Her team is bringing the pre-surgical version of treatment to oral cancer patients. Phase I and II clinical trials demonstrated 87% and over 70% reduction in tumor volumes, respectively. Patients also experienced a robust immune response. NFCR’s support is facilitating a Phase III clinical trial for oral cancer patients set to begin soon. This trial will use two versions of the technology: PRV111 – the pre-surgery version applied topically to the tumor site, and PRV211 – a post-surgical version placed directly to the tumor site and or lymph nodes to rapidly destroy remaining cancer cells. These promising nano-technologies can deliver different types of therapeutics and can treat numerous types of other cancers.

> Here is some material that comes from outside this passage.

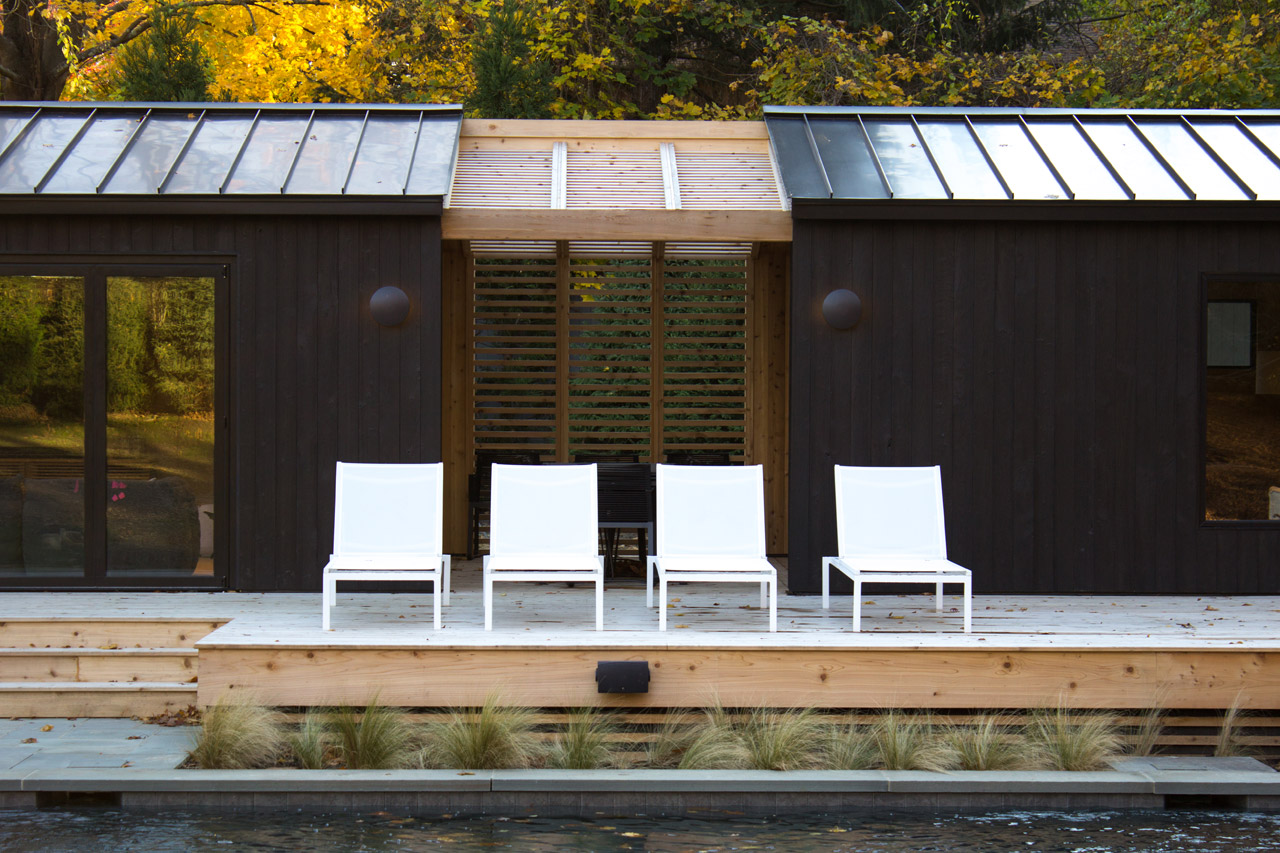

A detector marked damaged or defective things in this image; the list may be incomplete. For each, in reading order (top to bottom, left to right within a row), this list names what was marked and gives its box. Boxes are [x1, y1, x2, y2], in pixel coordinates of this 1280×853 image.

charred black wood siding [0, 211, 442, 591]
charred black wood siding [788, 216, 1280, 594]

Treatment in Clinical Trials for non-Hodgkin T-cell Lymphoma Shows Promise in Head and Neck Cancer Pre-Clinical Studies

Michael B. Sporn, M.D. formerly of Geisel School of Medicine at Dartmouth, Hanover, NH

Fenretinide, a drug similar in structure to Vitamin A, may offer patients non-Hodgkin T-cell Lymphoma a life-saving treatment. Previously, former NFCR-funded scientist, Dr. Michael Sporn, researched fenretinide and proved its safety in humans for other cancers. Subsequently, the drug demonstrated safety and effectiveness in patients. non-Hodgkin T-cell Lymphoma is toxic to cancer cells by activating the cell suicide pathway (apoptosis). Scientists have discovered fenretinide reactivates the immune system to complement apoptosis and it is effective in models of non-Hodgkin T-cell Lymphoma, head and neck cancer and other cancer types. Fenretinide will soon begin Enrollment in the Phase 1 trial  for non-Hodgkin T-cell Lymphoma patients. NFCR’s support for SciTech helped develop a unique delivery system for fenretinide and gain FDA approval to treat non-Hodgkin T-cell Lymphoma patients who no longer respond to their current therapy. Success in clinical trials for these patients will facilitate a future clinical trial for patients with head and neck cancers.